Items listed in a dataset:
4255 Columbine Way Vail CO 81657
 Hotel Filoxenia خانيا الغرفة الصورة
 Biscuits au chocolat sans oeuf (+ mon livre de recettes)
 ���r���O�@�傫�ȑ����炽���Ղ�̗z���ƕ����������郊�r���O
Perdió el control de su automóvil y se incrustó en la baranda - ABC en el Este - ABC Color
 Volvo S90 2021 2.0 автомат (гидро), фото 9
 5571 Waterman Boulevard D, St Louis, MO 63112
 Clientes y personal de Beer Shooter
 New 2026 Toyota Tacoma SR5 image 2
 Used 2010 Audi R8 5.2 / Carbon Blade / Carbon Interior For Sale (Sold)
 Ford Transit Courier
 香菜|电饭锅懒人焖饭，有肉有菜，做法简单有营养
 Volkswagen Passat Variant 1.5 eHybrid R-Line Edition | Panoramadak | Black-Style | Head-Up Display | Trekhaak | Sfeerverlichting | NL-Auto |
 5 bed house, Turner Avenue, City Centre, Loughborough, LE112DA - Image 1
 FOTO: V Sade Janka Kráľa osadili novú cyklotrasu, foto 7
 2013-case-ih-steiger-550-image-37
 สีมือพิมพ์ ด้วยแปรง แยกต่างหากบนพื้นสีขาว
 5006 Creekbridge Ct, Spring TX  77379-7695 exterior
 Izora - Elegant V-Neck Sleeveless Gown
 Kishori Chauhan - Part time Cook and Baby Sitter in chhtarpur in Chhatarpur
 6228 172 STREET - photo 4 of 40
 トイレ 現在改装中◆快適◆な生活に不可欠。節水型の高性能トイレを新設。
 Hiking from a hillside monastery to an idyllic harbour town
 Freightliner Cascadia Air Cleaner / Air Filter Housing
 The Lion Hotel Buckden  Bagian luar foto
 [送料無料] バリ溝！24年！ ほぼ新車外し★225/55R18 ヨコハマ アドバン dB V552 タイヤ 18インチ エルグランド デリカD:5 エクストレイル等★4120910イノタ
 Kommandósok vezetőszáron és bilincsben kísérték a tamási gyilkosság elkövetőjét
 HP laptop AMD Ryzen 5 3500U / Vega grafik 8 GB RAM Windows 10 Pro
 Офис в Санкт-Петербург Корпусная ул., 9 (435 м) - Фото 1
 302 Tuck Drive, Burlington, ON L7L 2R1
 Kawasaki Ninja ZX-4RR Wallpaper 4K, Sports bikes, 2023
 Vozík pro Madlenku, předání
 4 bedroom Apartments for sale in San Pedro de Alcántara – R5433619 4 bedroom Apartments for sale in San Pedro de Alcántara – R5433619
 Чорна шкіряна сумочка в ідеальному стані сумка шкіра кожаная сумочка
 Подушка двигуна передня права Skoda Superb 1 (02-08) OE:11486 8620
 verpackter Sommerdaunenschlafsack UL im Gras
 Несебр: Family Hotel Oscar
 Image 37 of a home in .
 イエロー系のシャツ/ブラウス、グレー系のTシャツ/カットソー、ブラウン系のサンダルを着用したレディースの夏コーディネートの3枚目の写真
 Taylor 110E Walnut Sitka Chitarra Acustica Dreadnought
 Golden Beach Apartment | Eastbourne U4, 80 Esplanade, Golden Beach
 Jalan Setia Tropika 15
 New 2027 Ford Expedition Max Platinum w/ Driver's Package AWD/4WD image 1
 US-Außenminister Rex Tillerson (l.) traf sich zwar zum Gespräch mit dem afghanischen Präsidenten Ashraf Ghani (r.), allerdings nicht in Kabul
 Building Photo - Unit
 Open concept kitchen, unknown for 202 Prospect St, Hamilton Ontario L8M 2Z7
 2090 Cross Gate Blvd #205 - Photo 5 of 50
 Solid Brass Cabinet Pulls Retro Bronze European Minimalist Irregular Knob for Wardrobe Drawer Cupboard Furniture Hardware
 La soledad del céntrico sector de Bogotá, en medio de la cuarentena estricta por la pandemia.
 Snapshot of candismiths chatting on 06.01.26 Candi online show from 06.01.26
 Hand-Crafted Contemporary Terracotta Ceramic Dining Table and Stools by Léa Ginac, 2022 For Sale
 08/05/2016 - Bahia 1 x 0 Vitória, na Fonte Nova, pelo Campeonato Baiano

== Required work ==
Only the lines that hold the word "Ford" are wanted; each should be pulled from the records.

== Result of the task ==
 Ford Transit Courier
 New 2027 Ford Expedition Max Platinum w/ Driver's Package AWD/4WD image 1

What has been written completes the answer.